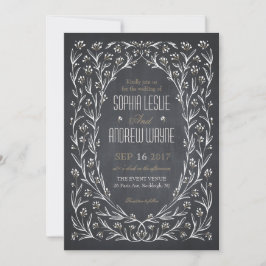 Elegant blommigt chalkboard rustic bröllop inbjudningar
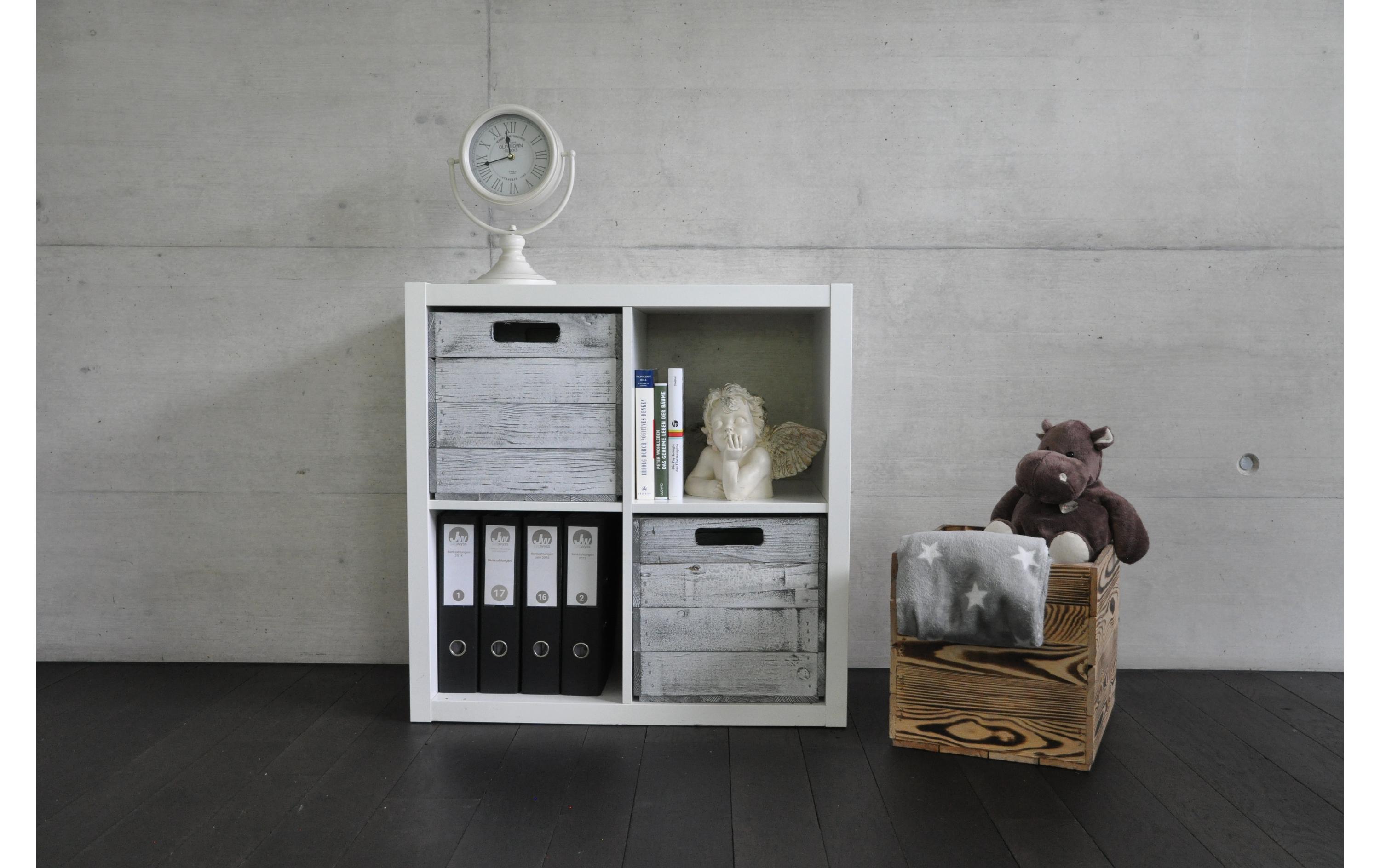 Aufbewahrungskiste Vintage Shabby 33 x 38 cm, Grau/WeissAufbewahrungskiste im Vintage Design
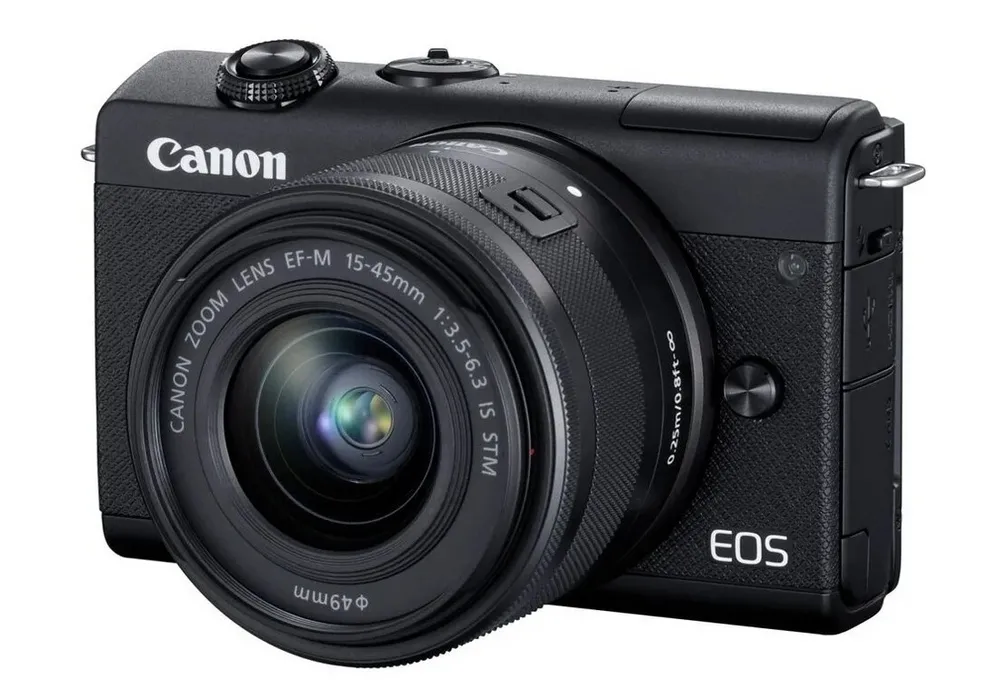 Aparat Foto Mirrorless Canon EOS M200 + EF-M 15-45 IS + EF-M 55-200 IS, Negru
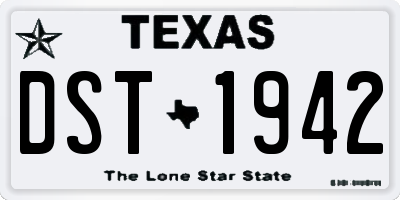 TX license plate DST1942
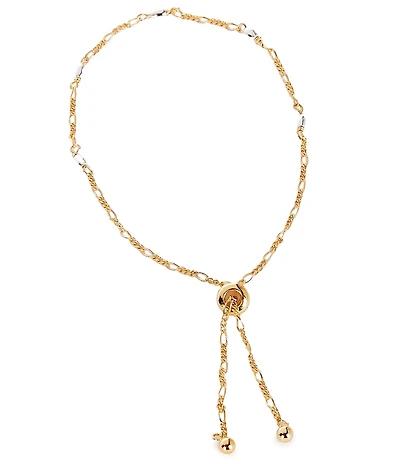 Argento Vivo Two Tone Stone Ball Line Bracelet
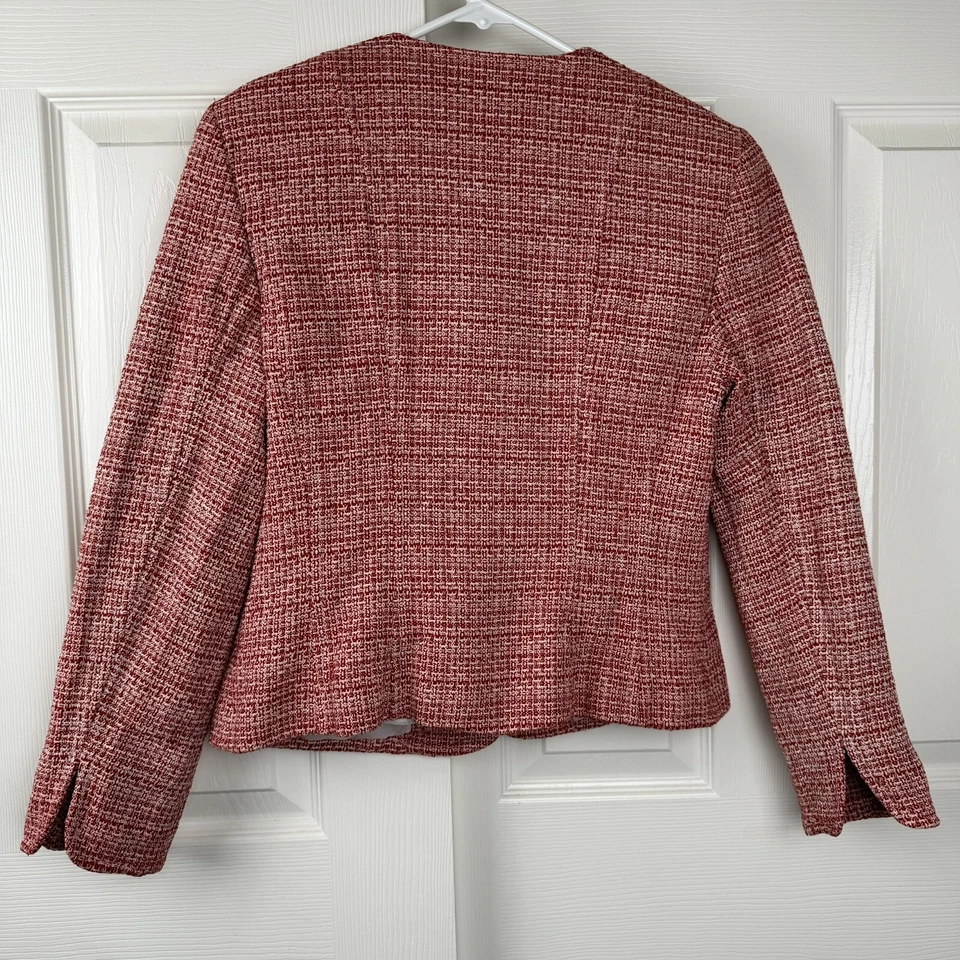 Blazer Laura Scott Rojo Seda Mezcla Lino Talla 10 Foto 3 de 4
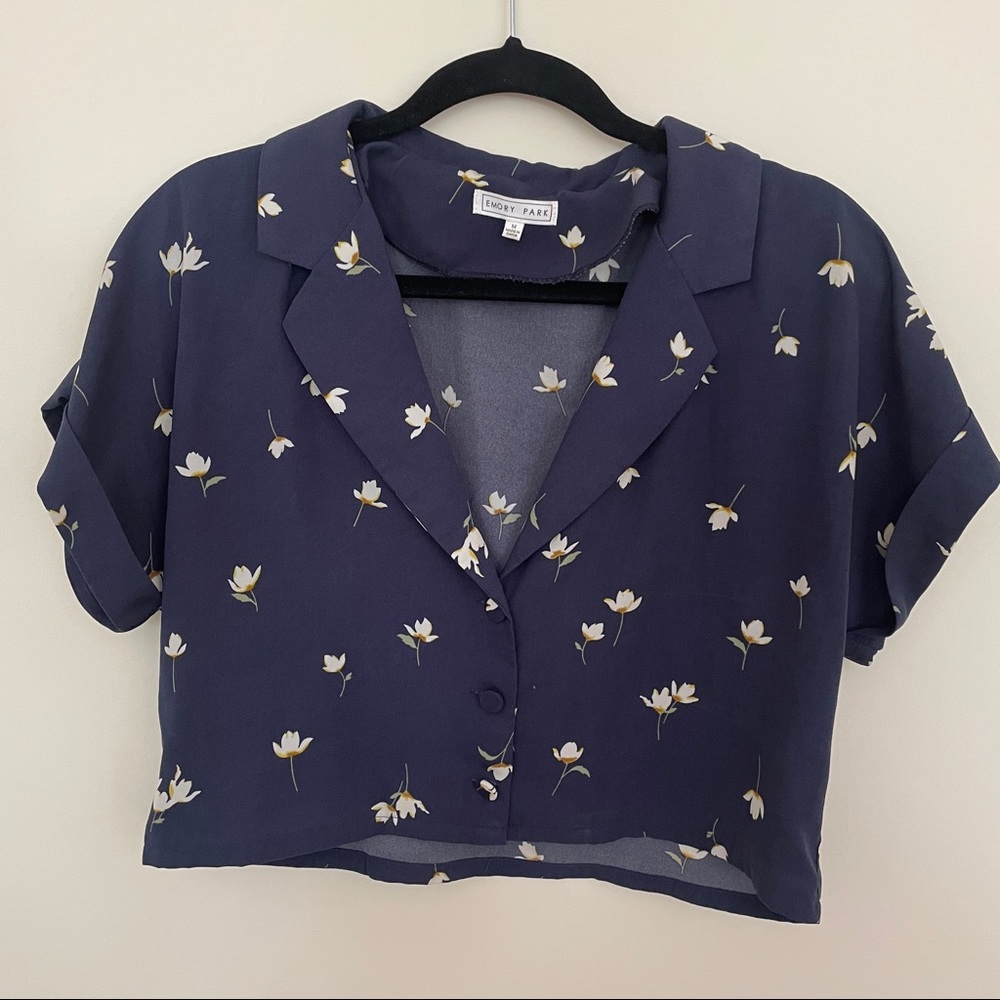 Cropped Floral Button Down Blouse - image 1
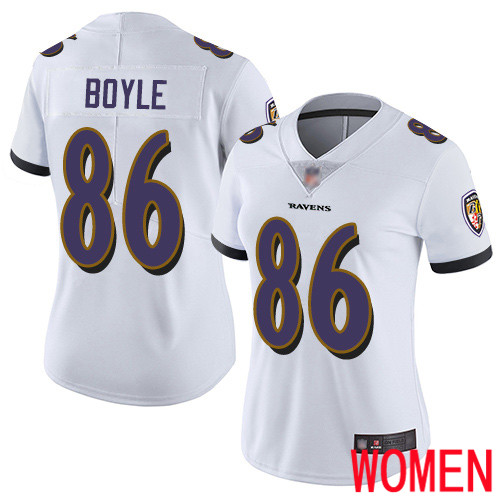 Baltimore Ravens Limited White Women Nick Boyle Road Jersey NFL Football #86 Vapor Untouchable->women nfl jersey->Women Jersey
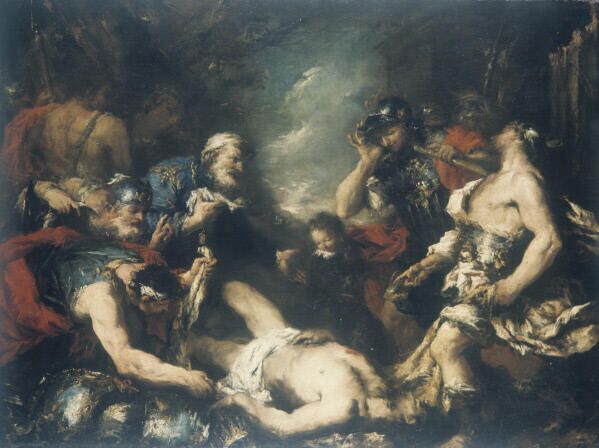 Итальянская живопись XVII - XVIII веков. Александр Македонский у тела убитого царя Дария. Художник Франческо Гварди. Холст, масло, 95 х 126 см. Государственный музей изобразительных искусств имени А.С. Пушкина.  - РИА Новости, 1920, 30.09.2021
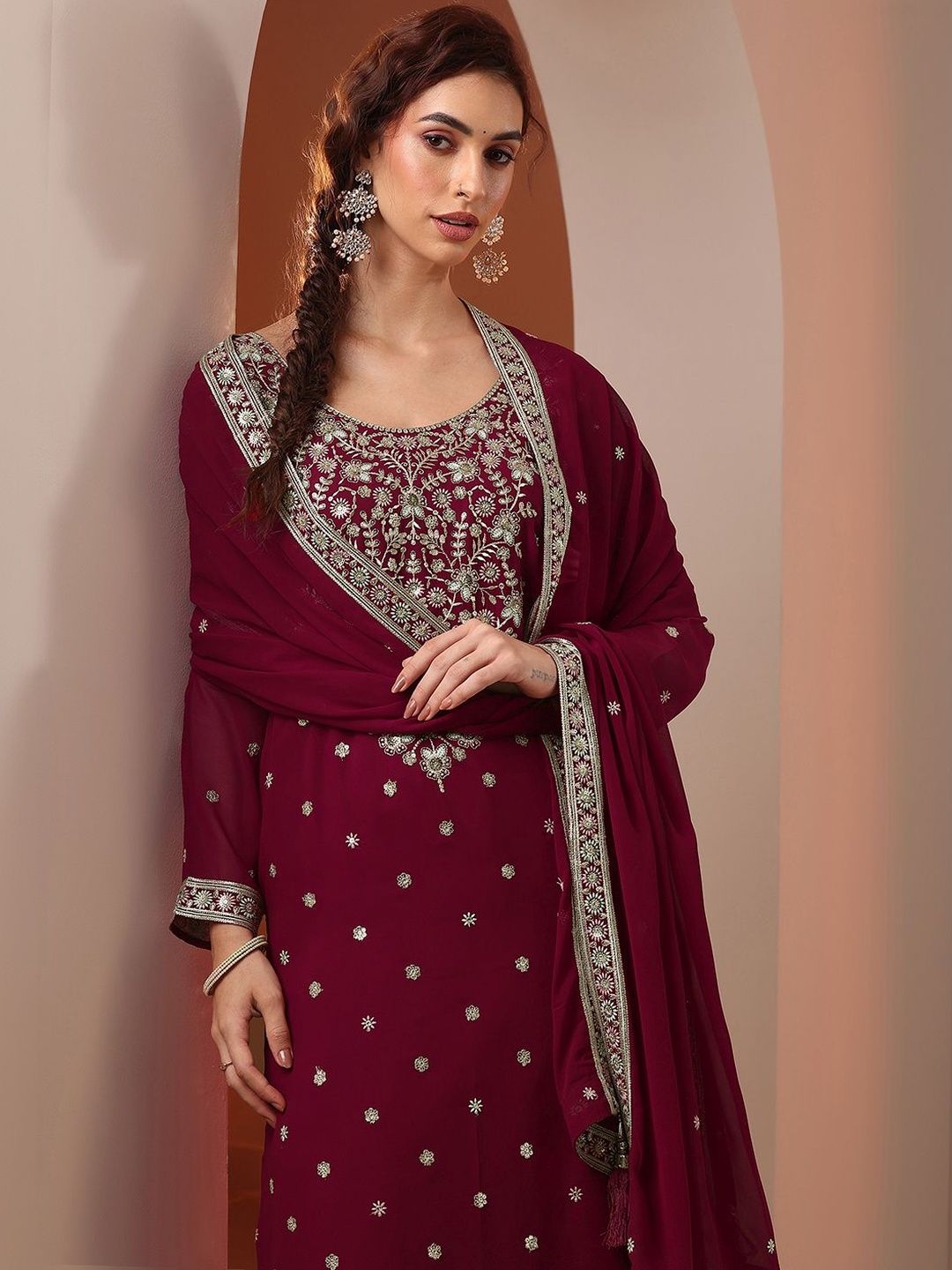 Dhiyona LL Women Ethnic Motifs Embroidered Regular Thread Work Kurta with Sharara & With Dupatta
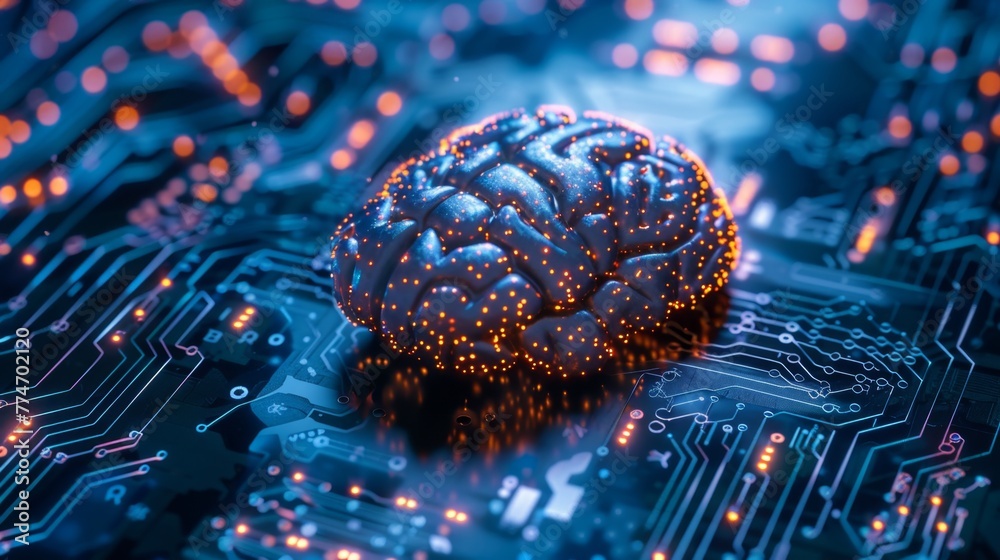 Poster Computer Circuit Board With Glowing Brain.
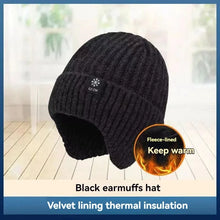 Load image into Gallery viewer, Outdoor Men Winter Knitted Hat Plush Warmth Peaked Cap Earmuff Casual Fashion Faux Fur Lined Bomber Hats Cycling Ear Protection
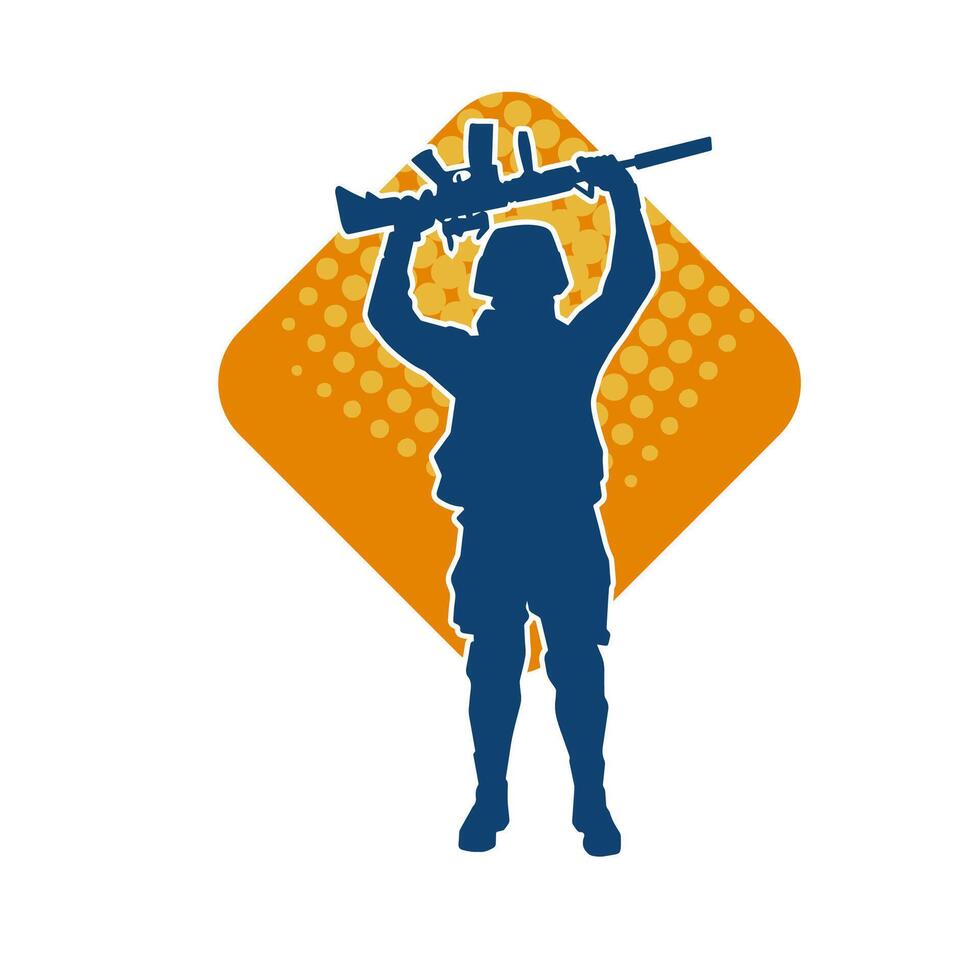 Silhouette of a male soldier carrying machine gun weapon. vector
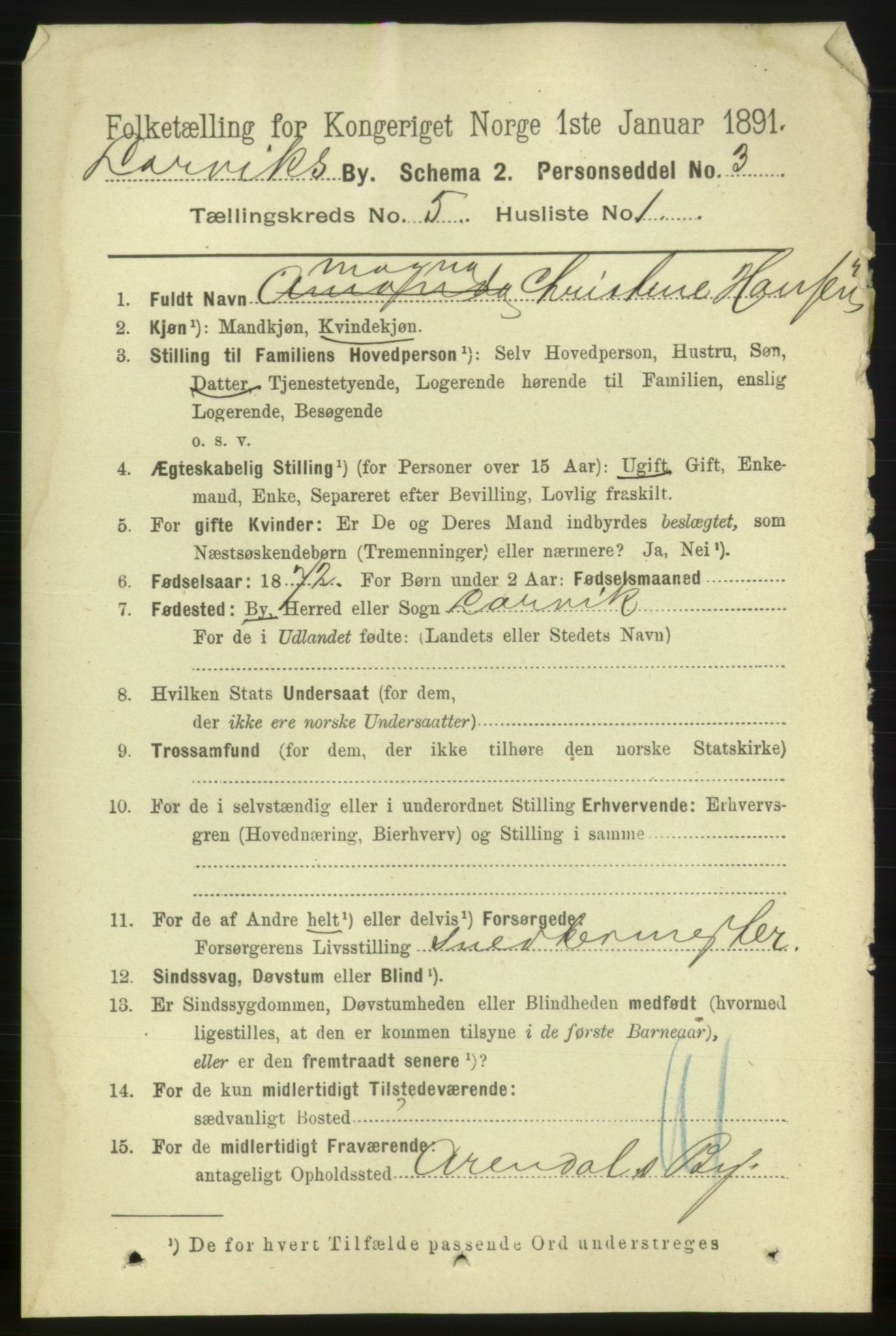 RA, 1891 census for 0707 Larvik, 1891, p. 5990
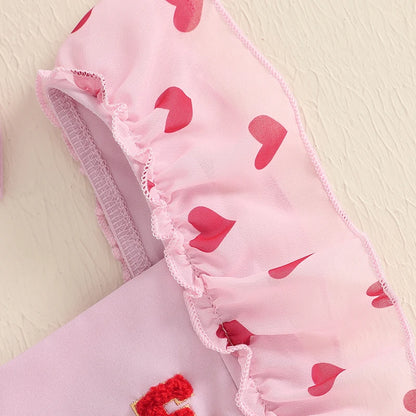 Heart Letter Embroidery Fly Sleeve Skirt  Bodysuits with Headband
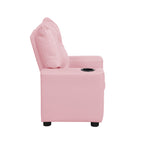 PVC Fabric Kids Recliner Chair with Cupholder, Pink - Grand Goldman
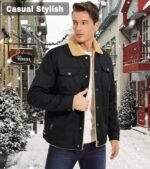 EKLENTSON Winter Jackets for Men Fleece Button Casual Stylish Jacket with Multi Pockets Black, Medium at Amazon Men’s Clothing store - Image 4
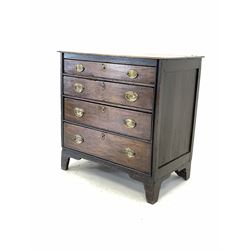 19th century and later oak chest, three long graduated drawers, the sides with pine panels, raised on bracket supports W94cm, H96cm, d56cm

> [Brief]:
Any picture found in the records stays out, while everything else is copied exactly.

> [Response to the task]:
 Elegant blommigt chalkboard rustic bröllop inbjudningar
 Aufbewahrungskiste Vintage Shabby 33 x 38 cm, Grau/WeissAufbewahrungskiste im Vintage Design
 Aparat Foto Mirrorless Canon EOS M200 + EF-M 15-45 IS + EF-M 55-200 IS, Negru
 TX license plate DST1942
 Argento Vivo Two Tone Stone Ball Line Bracelet
 Blazer Laura Scott Rojo Seda Mezcla Lino Talla 10 Foto 3 de 4
 Cropped Floral Button Down Blouse - image 1
 Baltimore Ravens Limited White Women Nick Boyle Road Jersey NFL Football #86 Vapor Untouchable->women nfl jersey->Women Jersey
 Итальянская живопись XVII - XVIII веков. Александр Македонский у тела убитого царя Дария. Художник Франческо Гварди. Холст, масло, 95 х 126 см. Государственный музей изобразительных искусств имени А.С. Пушкина.  - РИА Новости, 1920, 30.09.2021
 Dhiyona LL Women Ethnic Motifs Embroidered Regular Thread Work Kurta with Sharara & With Dupatta
 Poster Computer Circuit Board With Glowing Brain.
 Load image into Gallery viewer, Outdoor Men Winter Knitted Hat Plush Warmth Peaked Cap Earmuff Casual Fashion Faux Fur Lined Bomber Hats Cycling Ear Protection
 Silhouette of a male soldier carrying machine gun weapon. vector
 RA, 1891 census for 0707 Larvik, 1891, p. 5990
 Heart Letter Embroidery Fly Sleeve Skirt  Bodysuits with Headband
 PVC Fabric Kids Recliner Chair with Cupholder, Pink - Grand Goldman
 EKLENTSON Winter Jackets for Men Fleece Button Casual Stylish Jacket with Multi Pockets Black, Medium at Amazon Men’s Clothing store - Image 4
 19th century and later oak chest, three long graduated drawers, the sides with pine panels, raised on bracket supports W94cm, H96cm, d56cm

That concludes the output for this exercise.